EXTRACTED INFORMATION -
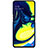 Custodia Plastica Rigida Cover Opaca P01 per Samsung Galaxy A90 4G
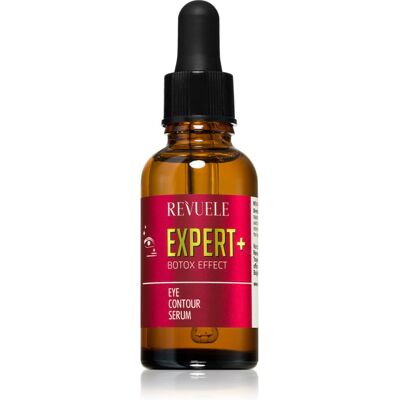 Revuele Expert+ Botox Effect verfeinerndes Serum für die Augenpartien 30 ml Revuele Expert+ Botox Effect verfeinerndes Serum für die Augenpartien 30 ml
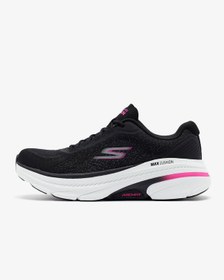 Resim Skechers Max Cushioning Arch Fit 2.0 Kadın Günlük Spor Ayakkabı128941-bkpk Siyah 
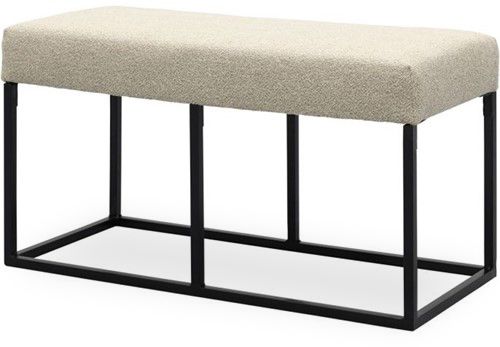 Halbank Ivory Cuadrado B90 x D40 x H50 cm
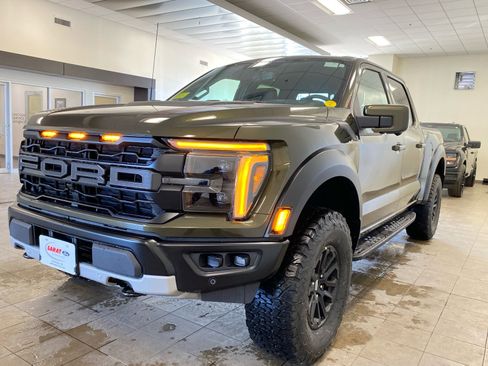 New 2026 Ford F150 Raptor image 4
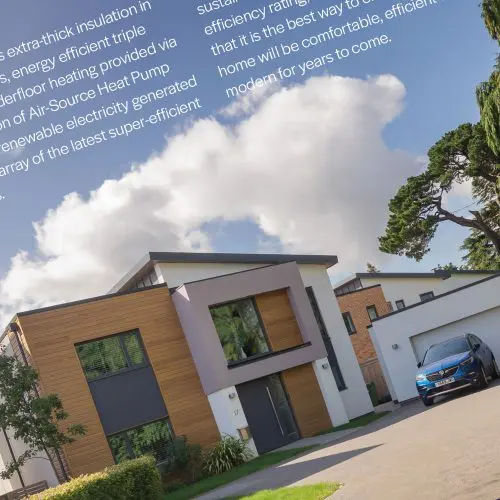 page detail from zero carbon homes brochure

REQUIRED ACTION -
Retype exactly the lines from the one containing "New 2026 Ford F150 Raptor image 4" through the last line of the records above, both included, and leave out any pictures.

ANSWER TO THIS TASK -
 New 2026 Ford F150 Raptor image 4
 page detail from zero carbon homes brochure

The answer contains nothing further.